• Exercise requirements: Could you return, exactly as written, every line from the one containing "4th image of" through the last line of the entries below, leaving out the pictures?

■ ■ ■ ■ ■ ■ ■

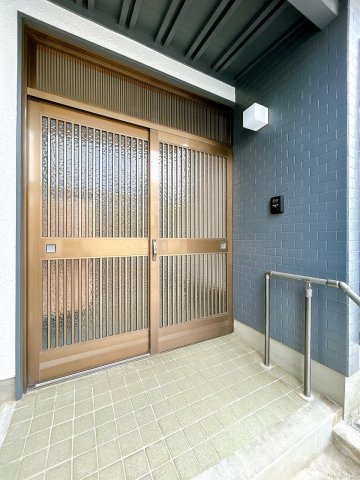 リフォーム済中古戸建　岐阜市粟野西7丁目　昭和55年築の玄関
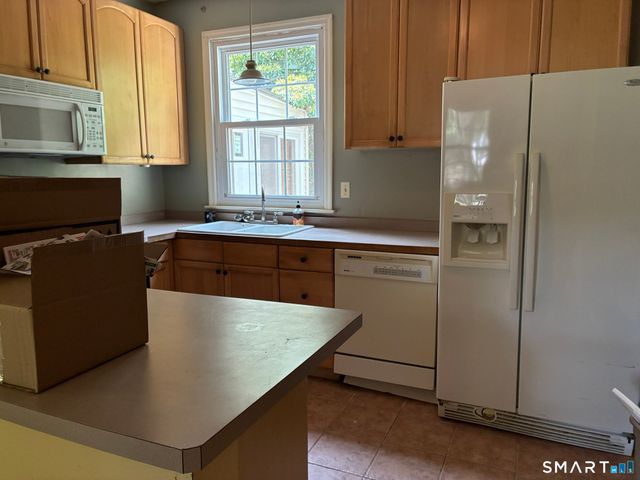 60 Mohegan Road, Norwich, CT 06360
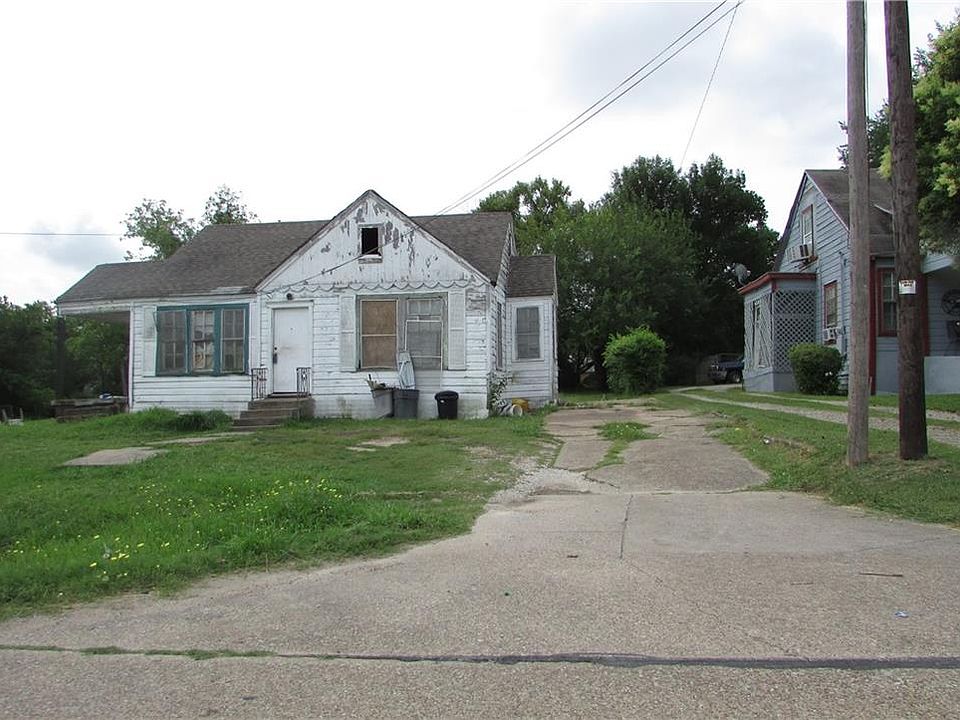 1st image of 609 E Denton St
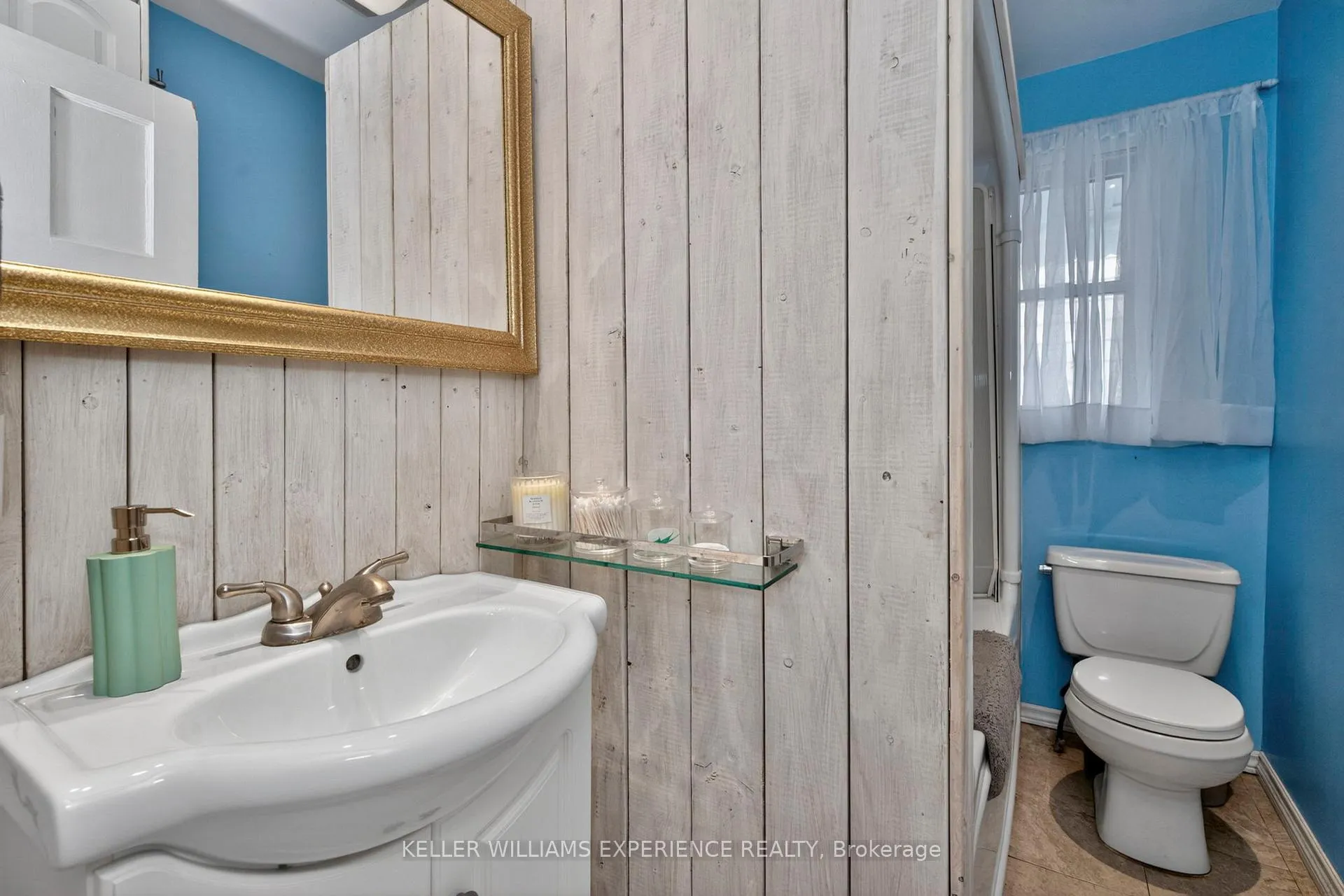 Photo 14 of 10 Argyle Avenue, Orillia — HOMEH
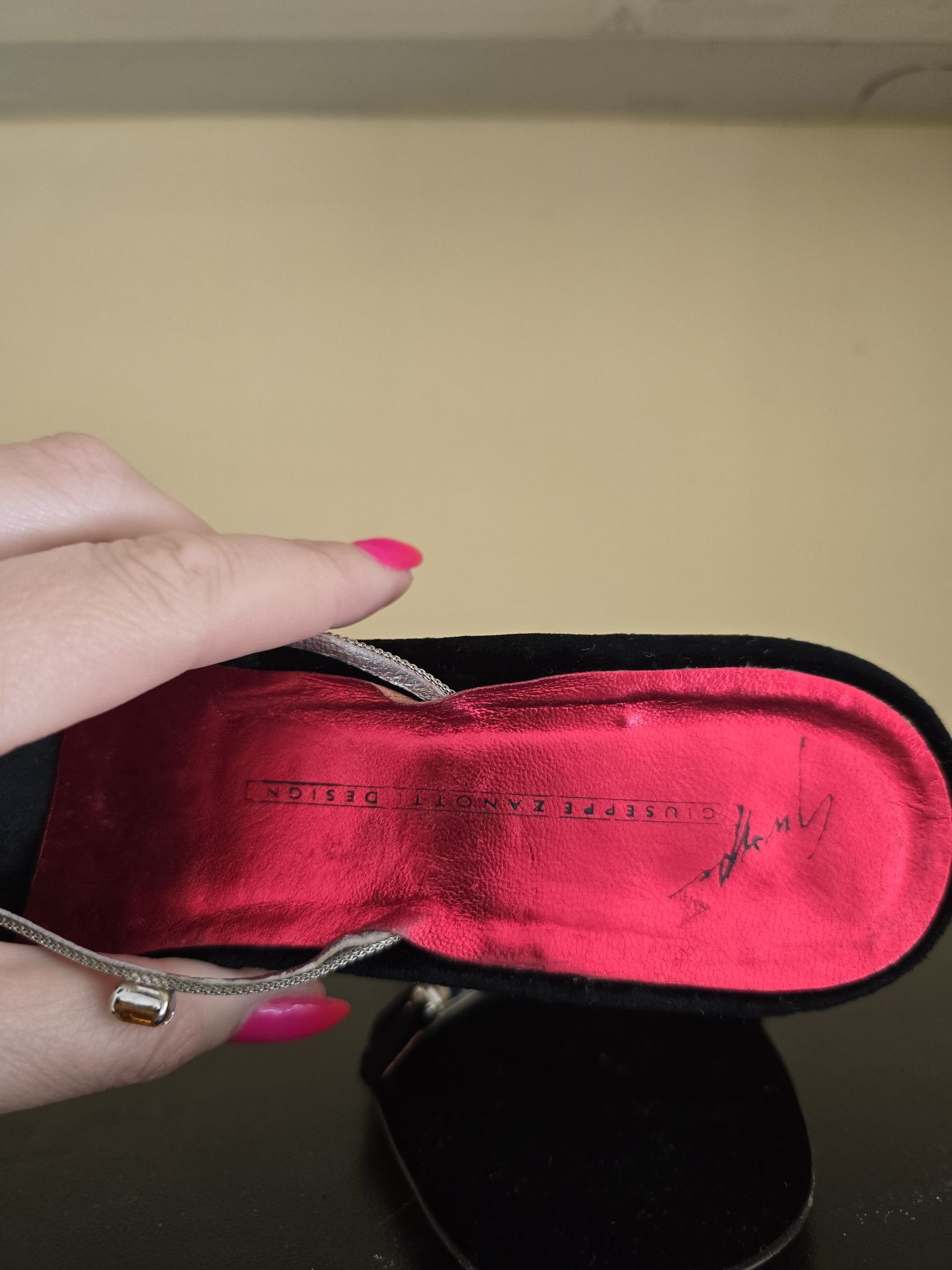 Сандали Giuseppe zanotti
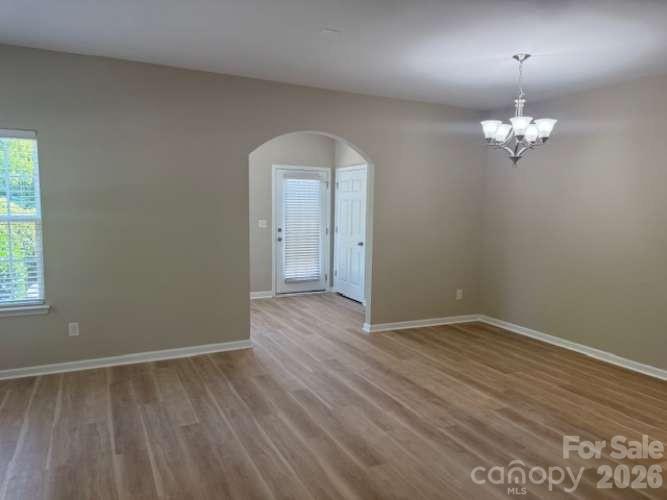 4th image of 17450 Caldwell Track Dr, Cornelius, NC 28031 | MLS# 4403161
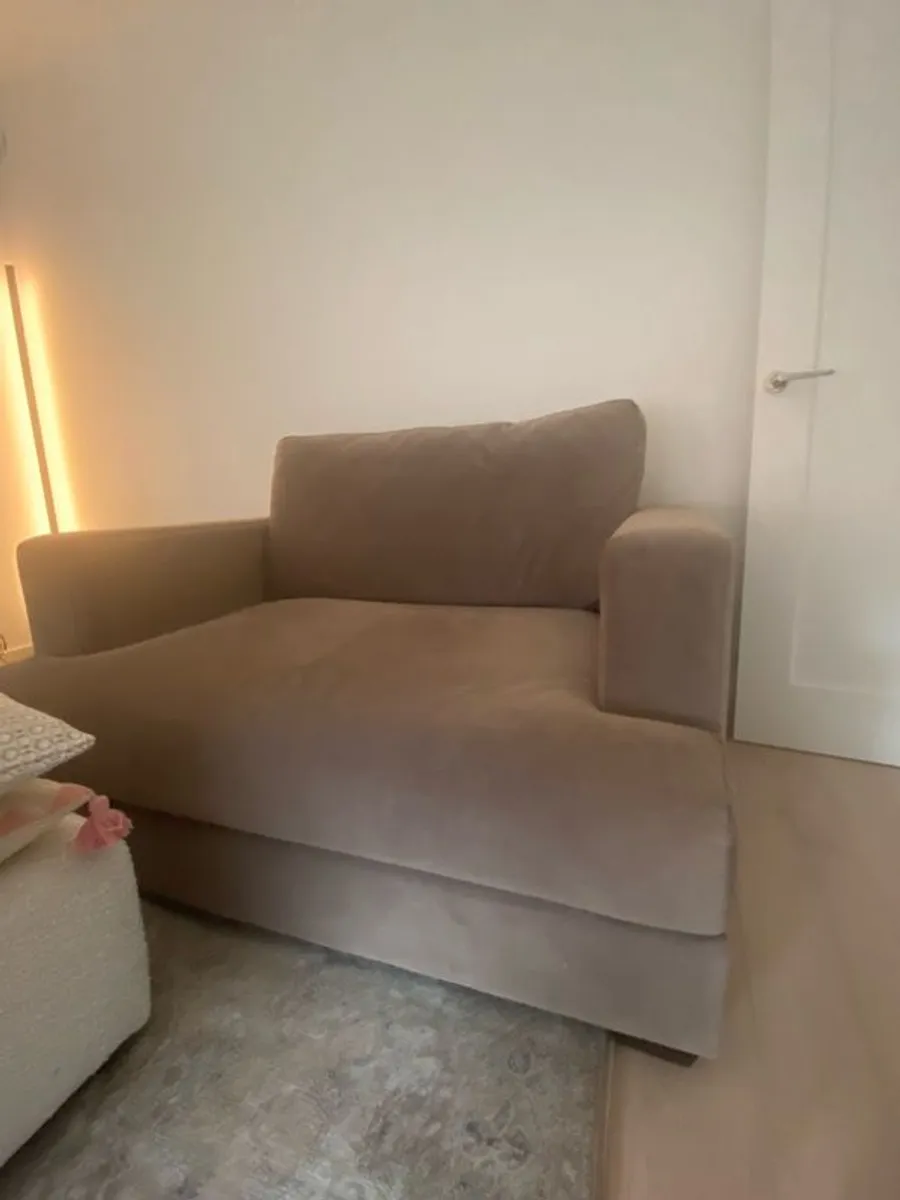 Snuggler/ sofa - Image 4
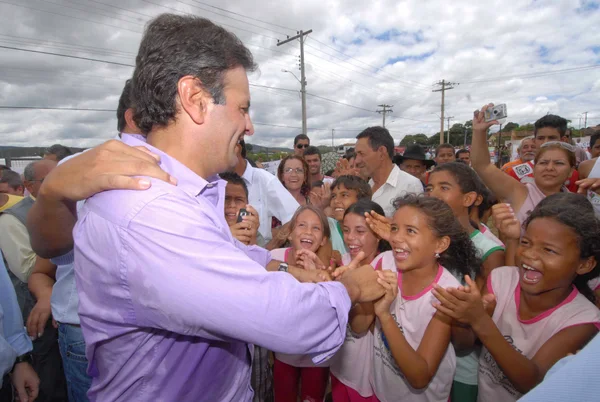 O governador de Minas Gerais, Aécio Neves, na cidade de Jequitinhonha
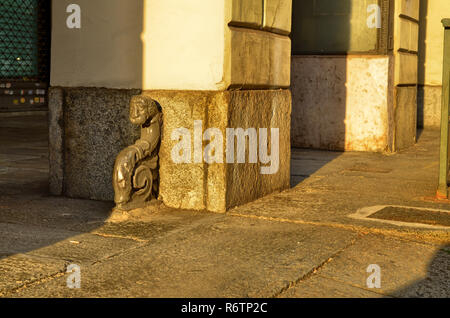 Torino, Piemote, Italia. Luglio 2018. Vintage arredo urbano dettagli: il pararuota o i cordoli alle porte delle case antiche del centro sono s Foto Stock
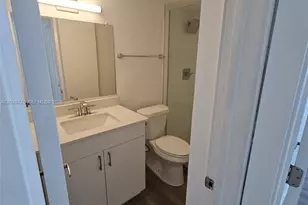 8101 Crespi Blvd, Miami Beach, FL 33141 - Photo 14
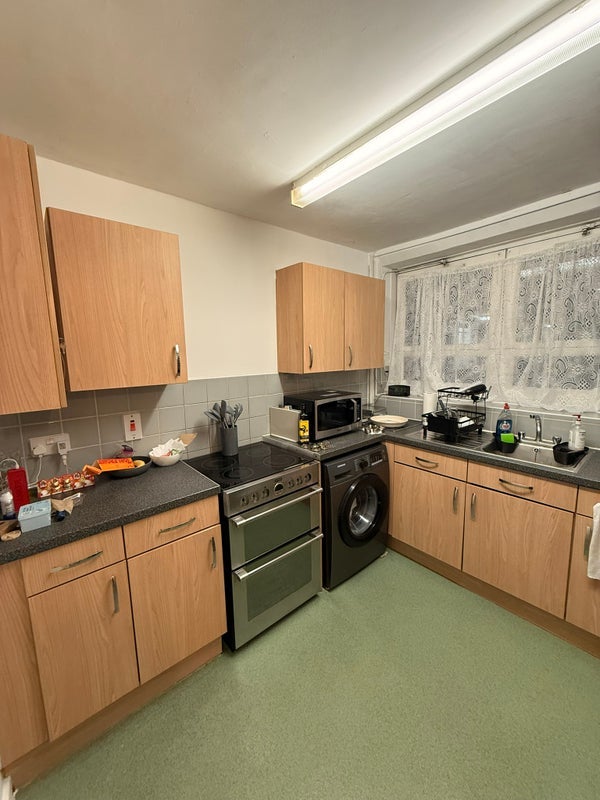 Room Vauxhall Walk in Greater London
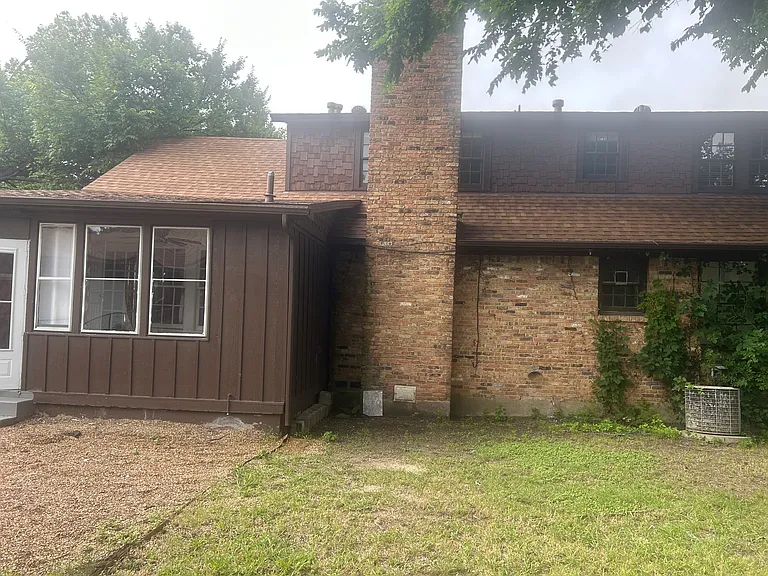 8811 Stults Rd — Photo 8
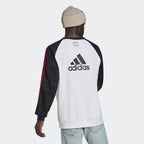 Focusing on the clean back design and the professional finish of the ribbed hem.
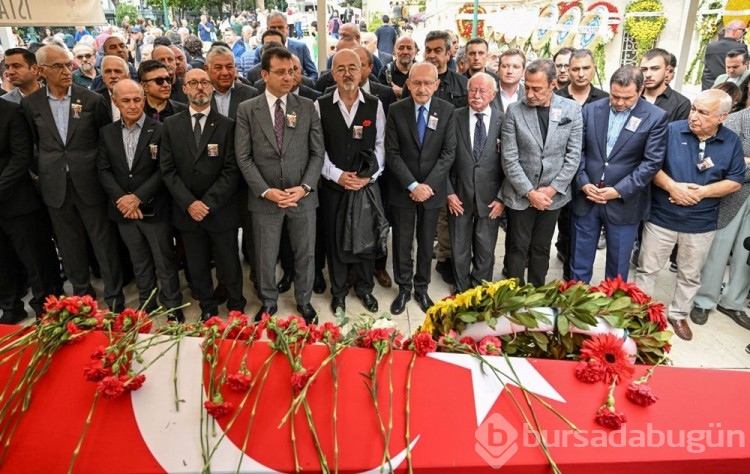 Gazeteci yazar Hıfzı Topuz son yolculuğuna uğurlandı
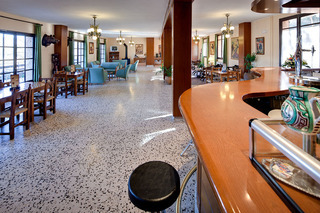 Hotel Mora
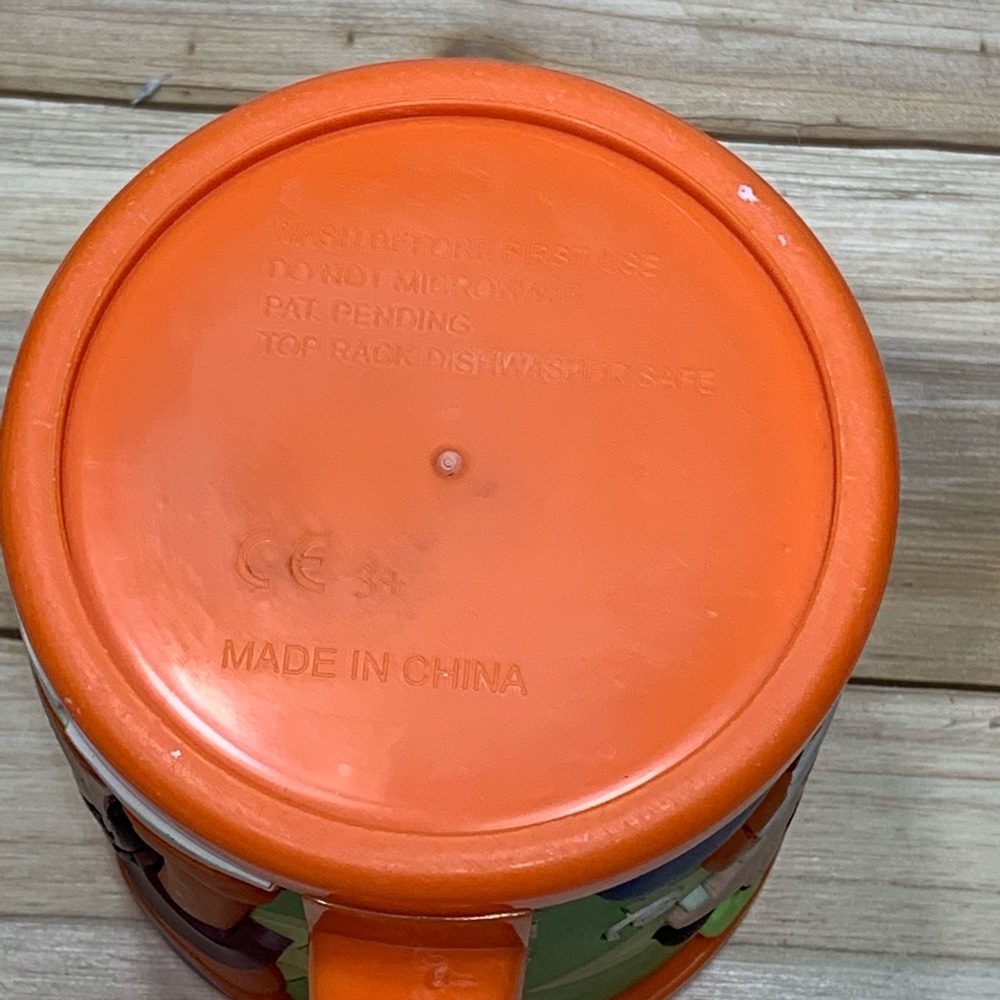 Disney Goofy plastic cup 6 oz - Picture 6 of 6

■ ■ ■ ■ ■ ■ ■

• Answer to the exercise:
 4th image of 17450 Caldwell Track Dr, Cornelius, NC 28031 | MLS# 4403161
 Snuggler/ sofa - Image 4
 O governador de Minas Gerais, Aécio Neves, na cidade de Jequitinhonha
 Torino, Piemote, Italia. Luglio 2018. Vintage arredo urbano dettagli: il pararuota o i cordoli alle porte delle case antiche del centro sono s Foto Stock
 8101 Crespi Blvd, Miami Beach, FL 33141 - Photo 14
 Room Vauxhall Walk in Greater London
 8811 Stults Rd — Photo 8
 Focusing on the clean back design and the professional finish of the ribbed hem.
 Gazeteci yazar Hıfzı Topuz son yolculuğuna uğurlandı
 Hotel Mora
 Disney Goofy plastic cup 6 oz - Picture 6 of 6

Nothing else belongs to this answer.